# Dataset records
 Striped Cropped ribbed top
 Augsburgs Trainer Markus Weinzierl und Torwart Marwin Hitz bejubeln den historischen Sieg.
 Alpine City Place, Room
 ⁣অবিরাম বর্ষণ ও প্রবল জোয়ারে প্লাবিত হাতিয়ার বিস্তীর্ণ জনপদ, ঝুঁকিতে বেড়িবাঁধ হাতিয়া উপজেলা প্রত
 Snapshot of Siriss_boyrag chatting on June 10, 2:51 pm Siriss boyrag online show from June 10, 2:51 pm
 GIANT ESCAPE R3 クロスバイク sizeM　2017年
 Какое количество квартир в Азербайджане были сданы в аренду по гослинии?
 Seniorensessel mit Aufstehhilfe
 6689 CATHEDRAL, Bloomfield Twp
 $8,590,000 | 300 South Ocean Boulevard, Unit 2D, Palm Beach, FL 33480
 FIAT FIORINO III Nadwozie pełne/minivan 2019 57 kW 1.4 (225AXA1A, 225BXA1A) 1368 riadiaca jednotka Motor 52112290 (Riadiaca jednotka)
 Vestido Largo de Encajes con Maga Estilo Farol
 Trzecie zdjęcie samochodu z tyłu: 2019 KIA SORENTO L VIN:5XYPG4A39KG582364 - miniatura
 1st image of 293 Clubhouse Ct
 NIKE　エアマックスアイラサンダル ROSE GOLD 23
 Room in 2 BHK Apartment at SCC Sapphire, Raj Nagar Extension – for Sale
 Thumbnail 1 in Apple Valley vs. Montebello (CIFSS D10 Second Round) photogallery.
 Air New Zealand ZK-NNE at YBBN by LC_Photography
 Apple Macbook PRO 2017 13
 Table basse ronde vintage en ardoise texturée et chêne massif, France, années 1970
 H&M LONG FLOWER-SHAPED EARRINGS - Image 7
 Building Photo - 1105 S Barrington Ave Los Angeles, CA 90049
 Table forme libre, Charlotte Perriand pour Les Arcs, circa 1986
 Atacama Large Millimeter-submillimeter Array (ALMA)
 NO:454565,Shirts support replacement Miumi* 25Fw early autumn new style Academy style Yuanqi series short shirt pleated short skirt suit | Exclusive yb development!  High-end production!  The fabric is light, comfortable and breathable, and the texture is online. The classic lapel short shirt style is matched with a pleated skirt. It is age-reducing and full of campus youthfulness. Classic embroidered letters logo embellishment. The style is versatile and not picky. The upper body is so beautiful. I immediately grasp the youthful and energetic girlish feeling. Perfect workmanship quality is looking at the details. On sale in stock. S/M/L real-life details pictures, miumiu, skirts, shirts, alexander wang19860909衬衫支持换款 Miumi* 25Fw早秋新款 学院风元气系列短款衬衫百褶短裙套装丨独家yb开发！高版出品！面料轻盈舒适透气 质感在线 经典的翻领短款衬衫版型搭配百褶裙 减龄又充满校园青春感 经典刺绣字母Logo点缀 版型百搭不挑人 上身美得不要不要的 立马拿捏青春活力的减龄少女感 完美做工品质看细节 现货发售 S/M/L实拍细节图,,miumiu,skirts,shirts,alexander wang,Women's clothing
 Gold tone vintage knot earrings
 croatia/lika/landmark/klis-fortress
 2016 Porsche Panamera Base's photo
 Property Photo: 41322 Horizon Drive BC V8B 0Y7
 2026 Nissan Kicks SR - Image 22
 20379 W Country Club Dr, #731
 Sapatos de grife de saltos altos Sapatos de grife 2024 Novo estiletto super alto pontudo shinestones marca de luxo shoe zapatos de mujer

# Required action
Transcribe the records above exactly, beginning at the line that contains "Thumbnail 1 in" and ending with the line that contains "Atacama Large Millimeter-submillimeter", both included, and nothing else.

# Task answer
 Thumbnail 1 in Apple Valley vs. Montebello (CIFSS D10 Second Round) photogallery.
 Air New Zealand ZK-NNE at YBBN by LC_Photography
 Apple Macbook PRO 2017 13
 Table basse ronde vintage en ardoise texturée et chêne massif, France, années 1970
 H&M LONG FLOWER-SHAPED EARRINGS - Image 7
 Building Photo - 1105 S Barrington Ave Los Angeles, CA 90049
 Table forme libre, Charlotte Perriand pour Les Arcs, circa 1986
 Atacama Large Millimeter-submillimeter Array (ALMA)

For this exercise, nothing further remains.